Create a script to test multiple models:

```bash
#!/bin/bash
# batch_test.sh

# Test different OpenAI models
python core/test_latency_benchmark.py --test-mode both --baseline-model gpt-4o --scenarios 10
python core/test_latency_benchmark.py --test-mode both --baseline-model gpt-4 --scenarios 10

# Test OpenRouter models
python core/test_latency_benchmark.py --test-mode both --api-provider openrouter --baseline-model anthropic/claude-3-sonnet --scenarios 10
python core/test_latency_benchmark.py --test-mode both --api-provider openrouter --baseline-model meta-llama/llama-2-70b-chat --scenarios 10

# Test different human speeds
python core/test_latency_benchmark.py --test-mode both --typing-speed 25 --reading-speed 200 --scenarios 5  # Slow user
python core/test_latency_benchmark.py --test-mode both --typing-speed 60 --reading-speed 300 --scenarios 5  # Fast user
```

### Custom Benchmark Files

To use custom benchmark scenarios:

1. Place Excel file in `llm_prag_benchmark/` directory
2. Ensure columns: `User's hard constraint`, `Question (user only)`, `Category`
3. Specify with `--benchmark your_file.xlsx`

### Performance Profiling

For detailed performance analysis:

```bash
# Long test with many scenarios
python core/test_latency_benchmark.py --test-mode both --scenarios 20 --baseline-model gpt-4o

# Test with different typing speeds to understand human simulation impact
python core/test_latency_benchmark.py --test-mode both --typing-speed 20 --scenarios 5   # Very slow
python core/test_latency_benchmark.py --test-mode both --typing-speed 80 --scenarios 5   # Very fast
```

## Troubleshooting

### Common Issues

**Missing API Keys**
```
ValueError: OPENAI_API_KEY environment variable not set
```
Solution: Set the appropriate environment variable for your chosen API provider.

**MIRROR Connection Failed**
```
Error calling MIRROR: Connection refused
```
Solution: Ensure MIRROR system is running and accessible at the specified endpoint.

**OpenRouter Model Not Found**
```
Error calling openrouter with model xyz: Model not found
```
Solution: Check [OpenRouter models page](https://openrouter.ai/models) for correct model names.
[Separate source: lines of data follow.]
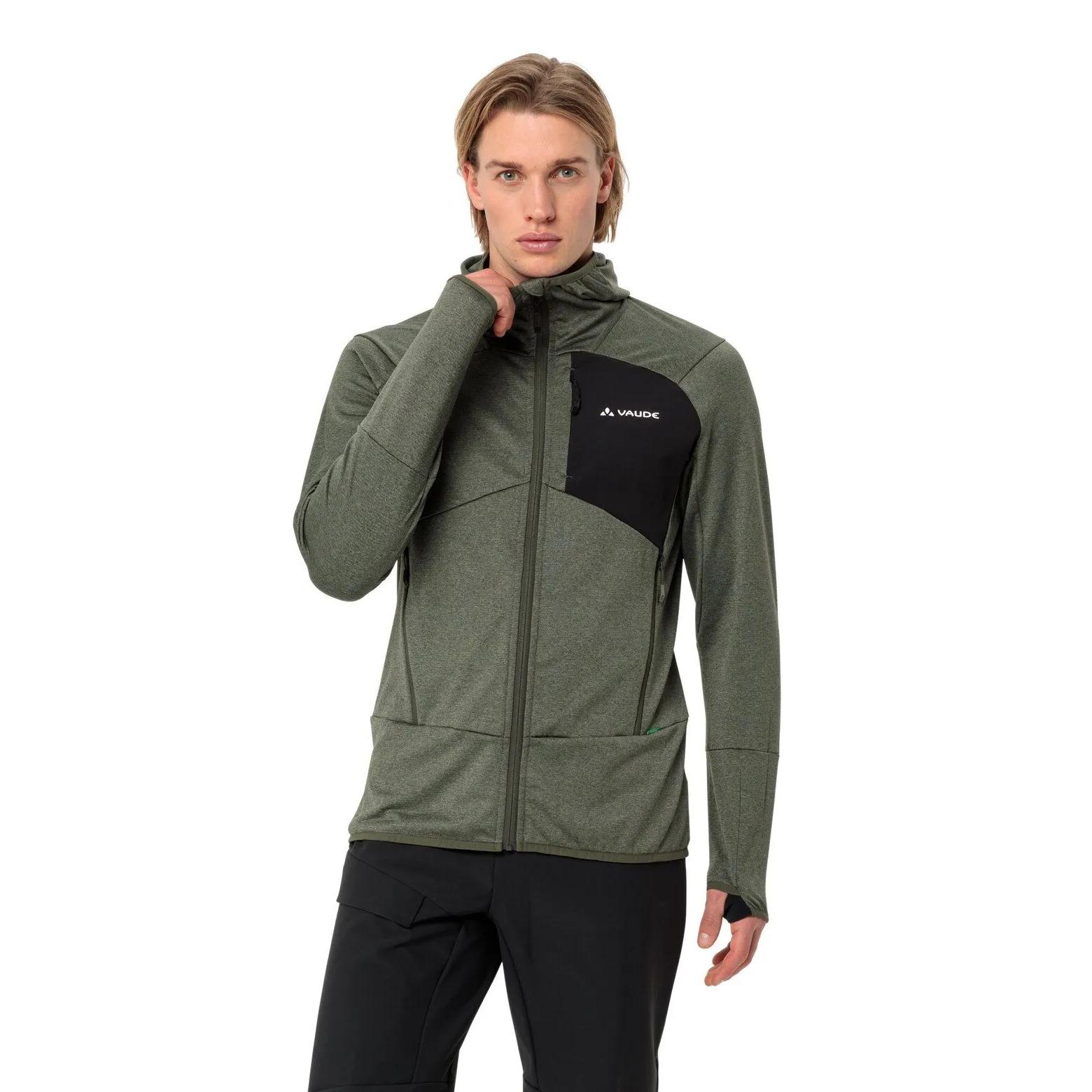 product/v/a/vaude_42988-161_khaki_3.jpg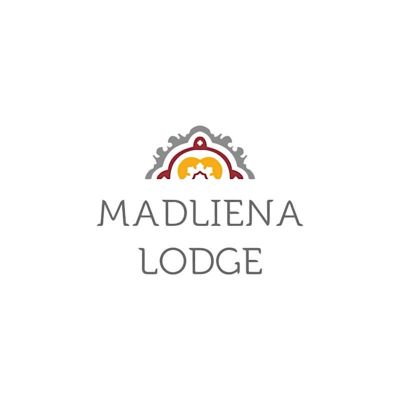 madliena lodge with camelot films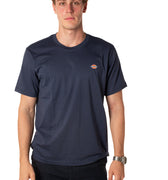T-shirt Mapleton Uomo 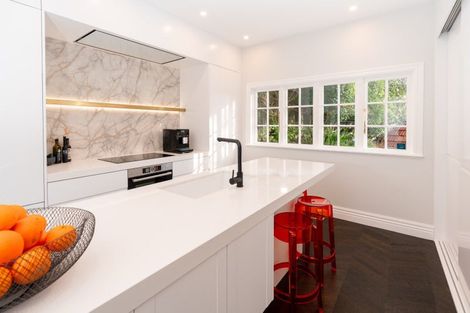 Photo of property in 49 Messines Road, Karori, Wellington, 6012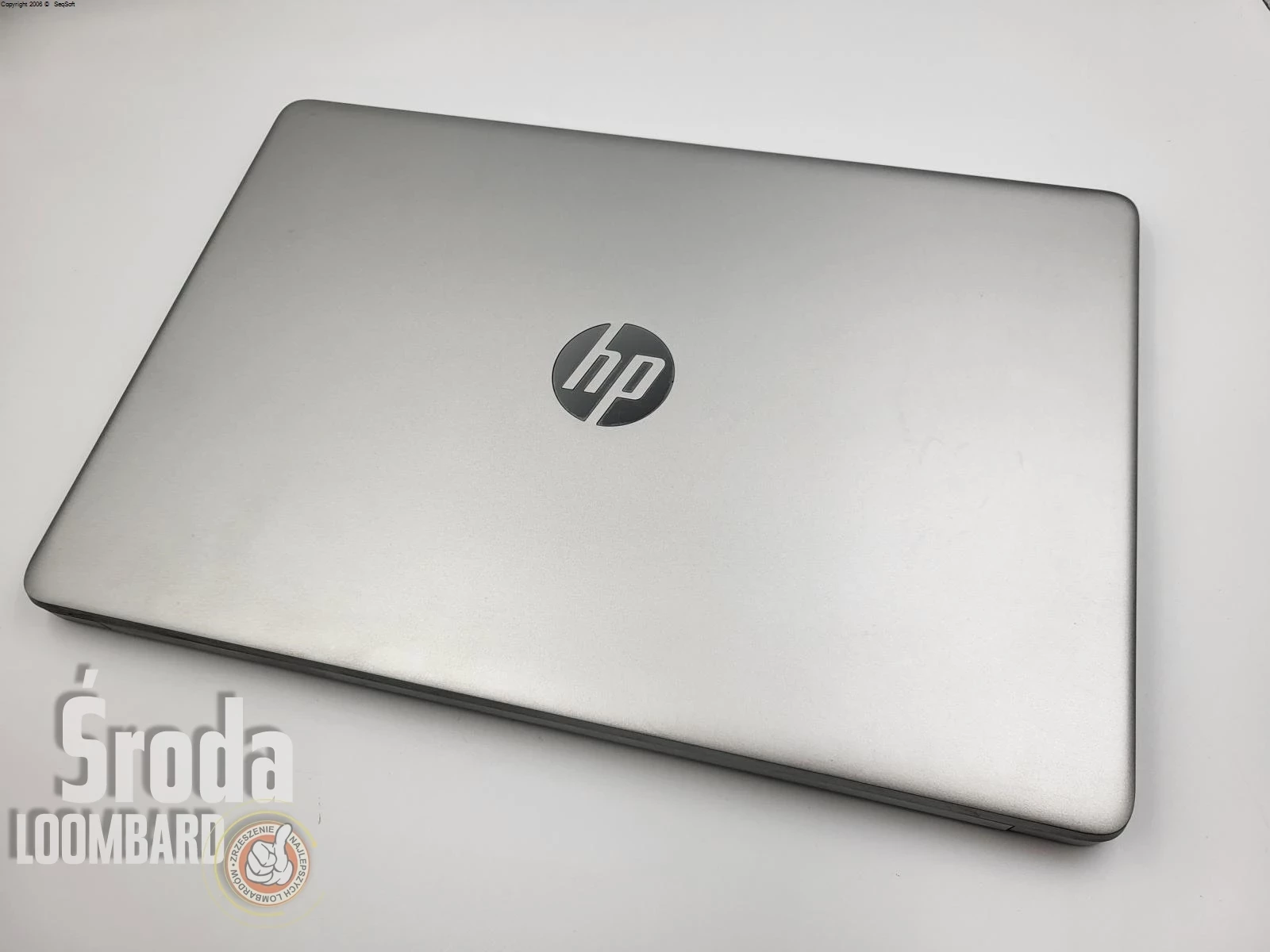 laptop-hp-15-dw1xxx-156-intel-core-i5-8-gb500gb-rozdzielczosc-px-1920-x-1080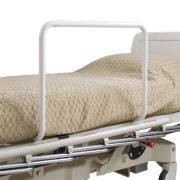 KCare Removable Bed Rail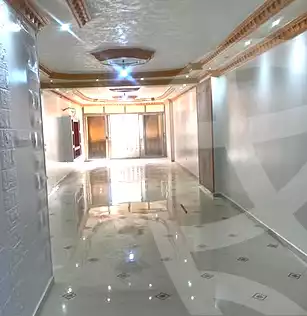 https://aqarmap.com.eg/en/listing/6890714-for-rent-cairo-faisal-shareaa-el-malek-fasel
**Benchmark File Not Found**
```
Error loading benchmark scenarios: File not found
```
Solution: Ensure benchmark files are in `llm_prag_benchmark/` directory.

### Performance Issues

**Slow Tests**
- Reduce `--scenarios` for quicker testing
- Increase `--typing-speed` and `--reading-speed` to reduce simulation time
- Use `--test-mode baseline` or `--test-mode mirror` instead of `both`

**Memory Issues**
- Use smaller scenario counts
- Clear result files periodically from `core/test_results/`

## Best Practices

### For Development Testing
```bash
# Quick comparison test
python core/test_latency_benchmark.py --test-mode both --scenarios 3 --typing-speed 60

# Test specific edge cases
python core/test_latency_benchmark.py --test-mode mirror --scenarios 1 --benchmark custom_scenarios.xlsx
```

### For Production Evaluation
```bash
# Comprehensive comparison
python core/test_latency_benchmark.py --test-mode both --scenarios 20 --baseline-model gpt-4o

# Multiple model comparison
python core/test_latency_benchmark.py --test-mode both --api-provider openrouter --baseline-model anthropic/claude-3-sonnet --scenarios 20
```

### For Research Analysis
- Use consistent scenario counts across tests
- Test multiple models with same parameters
- Save and analyze result JSON files for statistical significance
- Consider human variation factors when interpreting results

## Dependencies

Ensure these packages are installed:
```bash
pip install openai pandas openpyxl requests
```

For MIRROR testing, ensure the MIRROR system is running and accessible.

This testing suite provides comprehensive latency evaluation capabilities for comparing MIRROR against various baseline models using realistic conversation scenarios and human behavior simulation.